If anything, it's exactly the opposite. That whole, "We know you know where he is," business is nowhere near so cinematic. The Pakistani government and military is made of many different moving parts, many of them at odds with each other. But any time before that the US tried to negotiate or suss out a location for bin Laden (or most any high-level guy), they'd inevitably find their mark long gone by the time they got there. Even if the officials negotiated with really did want to give up the target, it's too many people in too loose an organization, and word of an impending strike would immediately leak out though the military associates of the Taliban/al-Qaeda (within Af-Pak, the distinction is meaningless).
This strike, which supposedly was more than eight months in the making, not even including the positive-intelligence track, worked precisely because the US military didn't say a damn thing to any part of the Pakistani government. They went in unilaterally and unannounced, so that absolutely nobody would know it was coming. Whatever negotiations took place with the government to settle the CIA-kicking business, this card was pointedly left in the hand.

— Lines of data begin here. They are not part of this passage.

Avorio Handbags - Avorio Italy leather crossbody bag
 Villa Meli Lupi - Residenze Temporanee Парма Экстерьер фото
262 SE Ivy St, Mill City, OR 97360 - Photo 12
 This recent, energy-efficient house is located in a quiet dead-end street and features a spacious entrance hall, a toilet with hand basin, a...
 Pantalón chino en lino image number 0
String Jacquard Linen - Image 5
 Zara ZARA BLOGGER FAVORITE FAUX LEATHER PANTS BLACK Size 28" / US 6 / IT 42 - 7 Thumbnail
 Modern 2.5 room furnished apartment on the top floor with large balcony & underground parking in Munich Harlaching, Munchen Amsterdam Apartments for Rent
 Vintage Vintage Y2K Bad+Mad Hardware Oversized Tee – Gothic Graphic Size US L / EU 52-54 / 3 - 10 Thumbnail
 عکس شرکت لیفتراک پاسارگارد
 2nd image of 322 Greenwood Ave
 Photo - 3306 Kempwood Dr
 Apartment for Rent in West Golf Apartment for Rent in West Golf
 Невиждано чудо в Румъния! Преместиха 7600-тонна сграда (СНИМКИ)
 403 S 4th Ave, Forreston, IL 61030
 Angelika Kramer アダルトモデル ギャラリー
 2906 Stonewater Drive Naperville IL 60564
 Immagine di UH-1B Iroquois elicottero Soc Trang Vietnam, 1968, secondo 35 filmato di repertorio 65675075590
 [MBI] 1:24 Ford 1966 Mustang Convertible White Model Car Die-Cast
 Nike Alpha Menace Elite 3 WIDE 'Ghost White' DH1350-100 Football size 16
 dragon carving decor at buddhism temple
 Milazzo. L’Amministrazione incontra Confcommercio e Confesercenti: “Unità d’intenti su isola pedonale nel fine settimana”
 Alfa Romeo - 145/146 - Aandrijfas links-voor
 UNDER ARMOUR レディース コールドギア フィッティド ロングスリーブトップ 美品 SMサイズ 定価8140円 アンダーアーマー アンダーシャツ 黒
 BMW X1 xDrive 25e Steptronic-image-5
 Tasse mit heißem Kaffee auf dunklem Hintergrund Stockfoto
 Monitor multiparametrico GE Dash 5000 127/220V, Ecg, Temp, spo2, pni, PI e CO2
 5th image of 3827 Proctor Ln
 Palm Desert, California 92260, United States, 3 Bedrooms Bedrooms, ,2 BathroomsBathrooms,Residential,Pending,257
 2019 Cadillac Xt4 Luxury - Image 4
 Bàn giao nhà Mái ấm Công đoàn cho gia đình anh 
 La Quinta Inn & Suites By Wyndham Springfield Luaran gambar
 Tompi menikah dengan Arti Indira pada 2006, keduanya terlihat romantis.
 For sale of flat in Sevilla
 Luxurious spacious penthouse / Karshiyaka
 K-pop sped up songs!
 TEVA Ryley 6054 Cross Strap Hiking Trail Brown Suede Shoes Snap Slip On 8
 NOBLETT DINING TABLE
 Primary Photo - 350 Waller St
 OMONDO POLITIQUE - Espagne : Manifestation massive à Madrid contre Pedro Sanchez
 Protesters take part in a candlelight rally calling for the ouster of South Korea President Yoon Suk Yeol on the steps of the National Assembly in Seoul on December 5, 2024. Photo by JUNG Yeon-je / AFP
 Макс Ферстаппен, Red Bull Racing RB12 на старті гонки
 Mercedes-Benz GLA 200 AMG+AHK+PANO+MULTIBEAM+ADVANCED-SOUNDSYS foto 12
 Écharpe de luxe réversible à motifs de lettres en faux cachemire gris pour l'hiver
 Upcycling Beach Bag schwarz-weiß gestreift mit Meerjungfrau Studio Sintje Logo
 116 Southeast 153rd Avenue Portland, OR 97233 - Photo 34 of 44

My guess, the Pakistani intelligence service is fucking furious right now, not because of bin Laden really, they probably don't give two shits about him, but because of how it happened. If you were the most influential element of a sovereign government, and some "allies" you never liked anyway suddenly kicked in the door and assassinated a notable guy, without telling you and making you look like chumps, you'd be pretty ticked off too. Whatever the specifics of any organization or major players, it must be said that every American convoy that makes it through Pakistan unmolested is now doing so on borrowed time. If Obama didn't have a good reason to draw this thing down hurry, he sure does now.